MATERIAL PROVIDED:
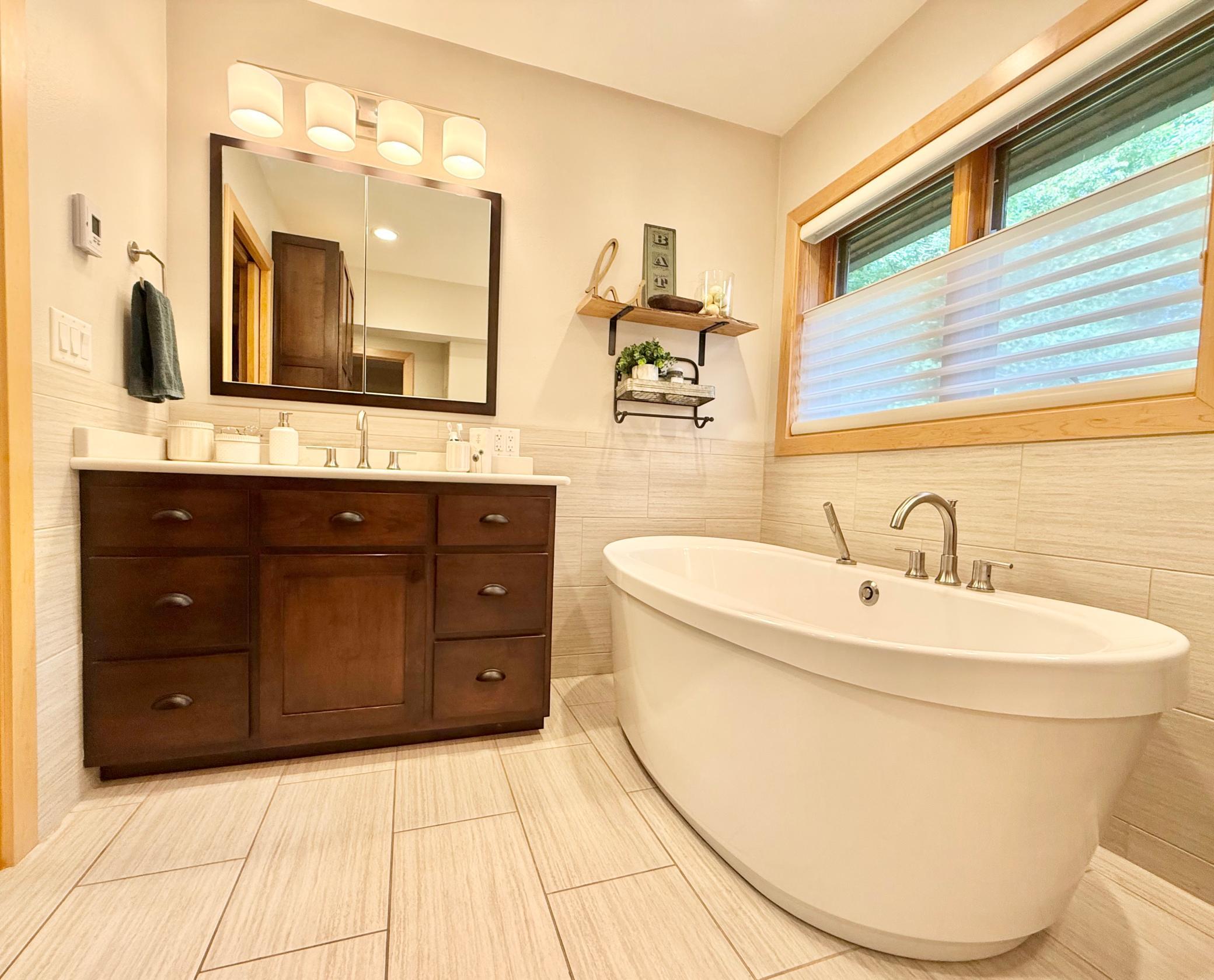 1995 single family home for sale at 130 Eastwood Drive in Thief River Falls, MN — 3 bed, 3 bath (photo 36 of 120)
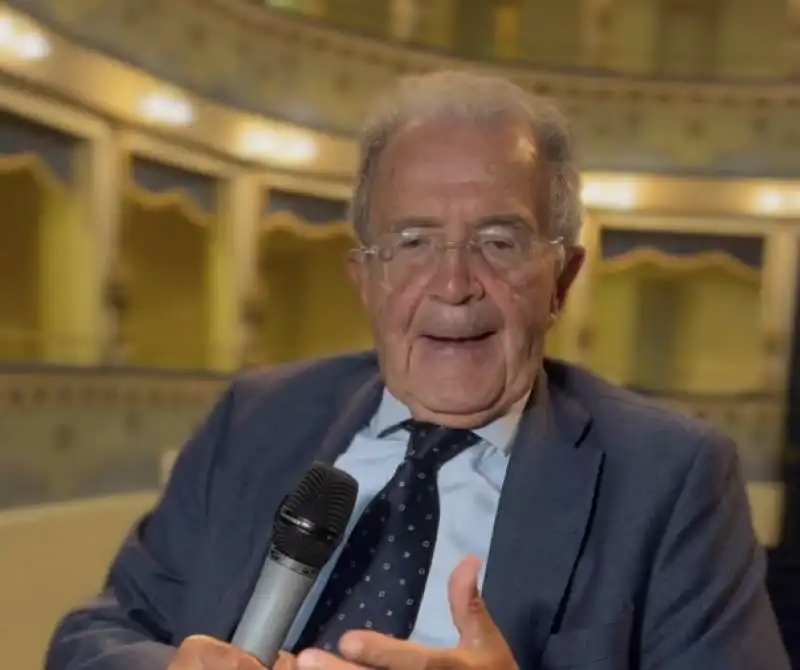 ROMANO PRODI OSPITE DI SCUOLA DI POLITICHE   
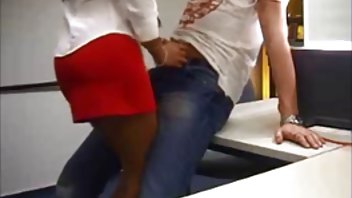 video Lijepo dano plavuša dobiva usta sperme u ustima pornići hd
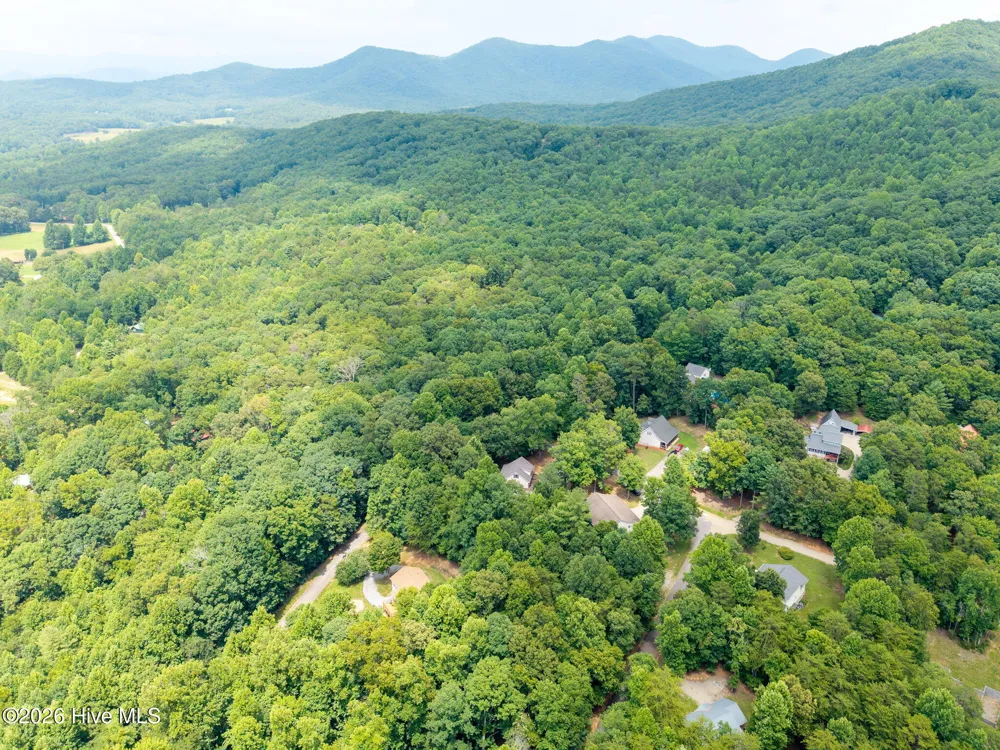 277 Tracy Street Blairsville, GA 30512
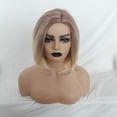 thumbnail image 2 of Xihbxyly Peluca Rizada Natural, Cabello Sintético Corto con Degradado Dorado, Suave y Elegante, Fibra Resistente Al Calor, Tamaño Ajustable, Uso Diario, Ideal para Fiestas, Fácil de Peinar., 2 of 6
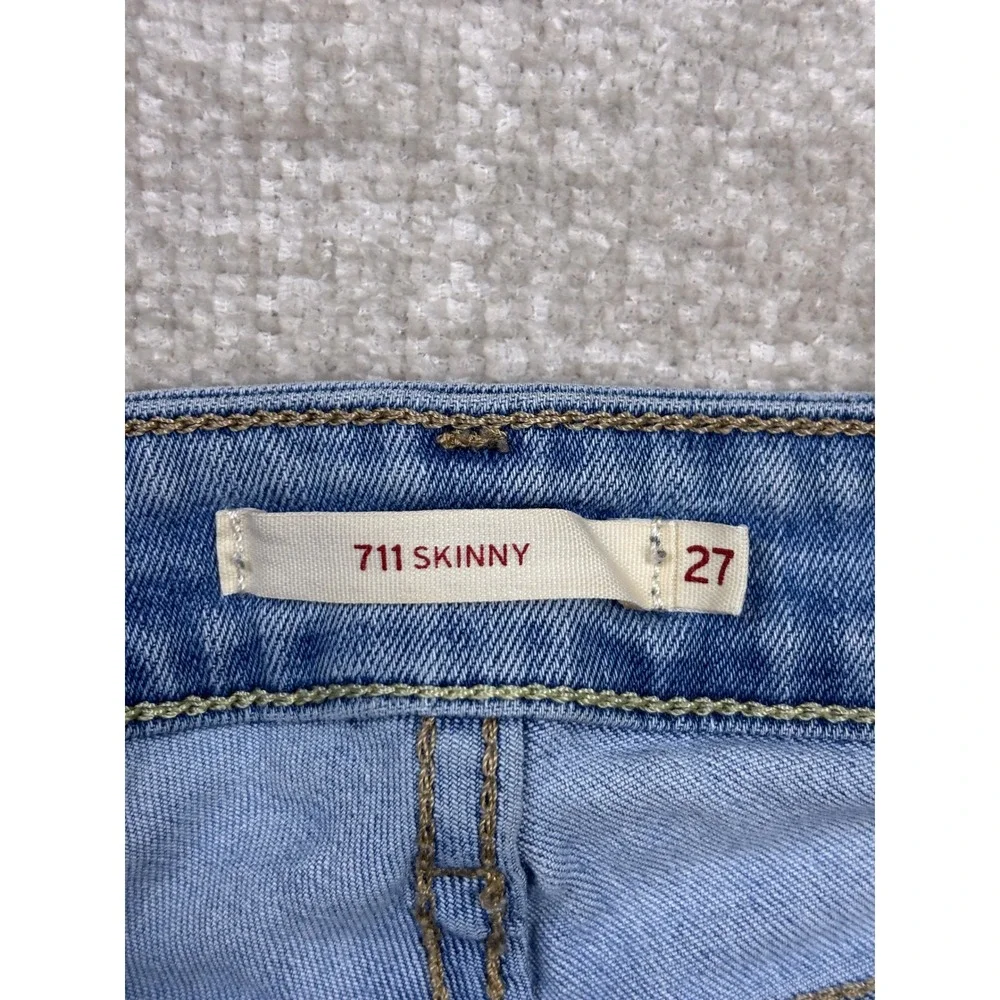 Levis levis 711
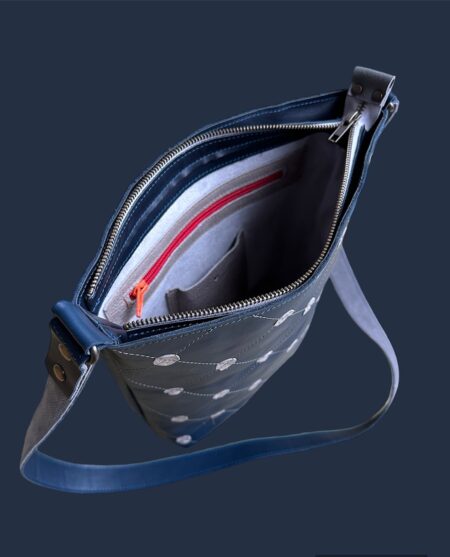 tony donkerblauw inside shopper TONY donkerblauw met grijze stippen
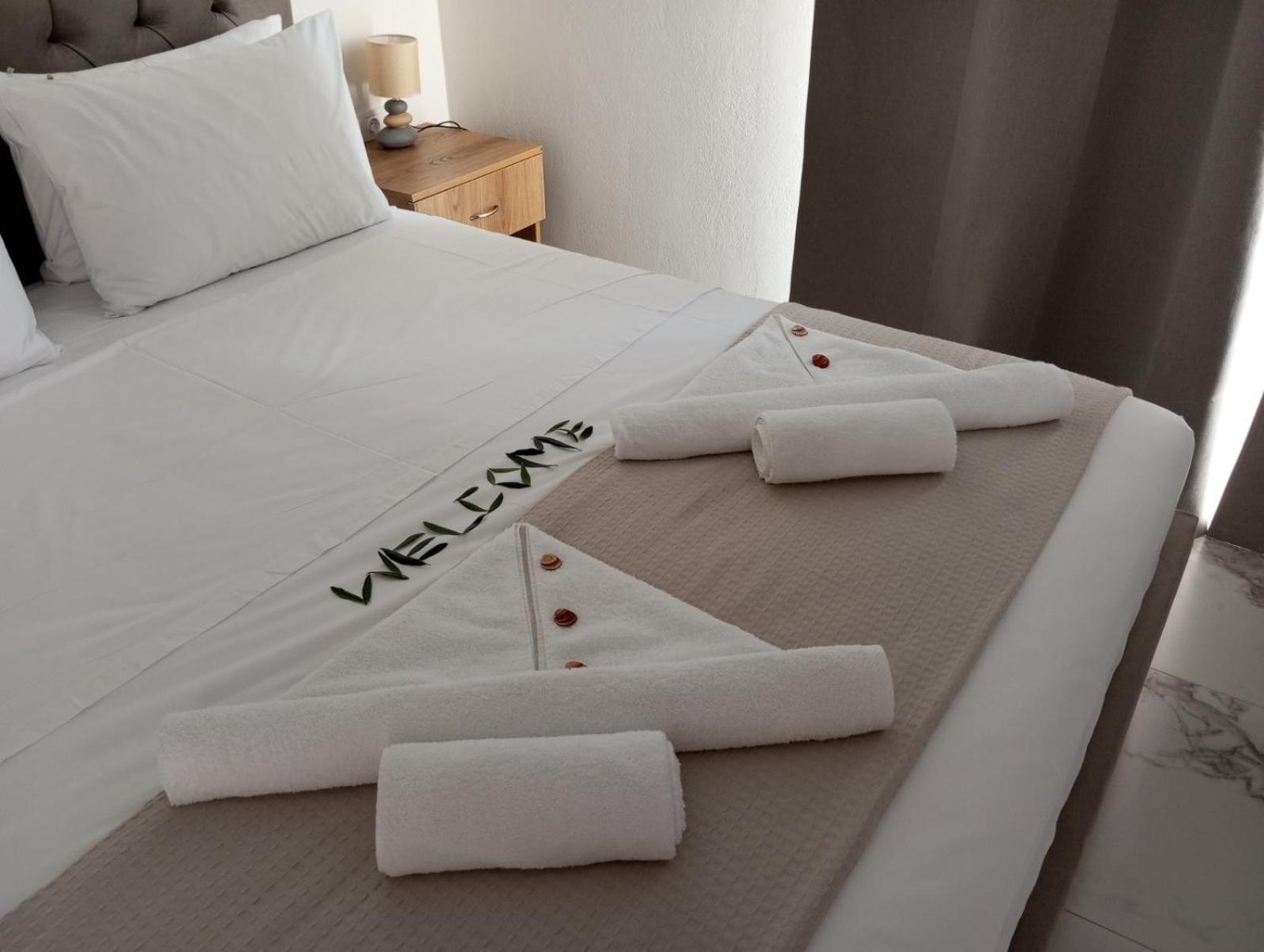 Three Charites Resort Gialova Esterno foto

YOUR OBJECTIVE:
Repeat exactly the lines from the first line of the records above through the line containing "277 Tracy Street Blairsville, GA 30512", leaving out the pictures.

TASK SOLUTION:
 1995 single family home for sale at 130 Eastwood Drive in Thief River Falls, MN — 3 bed, 3 bath (photo 36 of 120)
 ROMANO PRODI OSPITE DI SCUOLA DI POLITICHE   
 video Lijepo dano plavuša dobiva usta sperme u ustima pornići hd
 277 Tracy Street Blairsville, GA 30512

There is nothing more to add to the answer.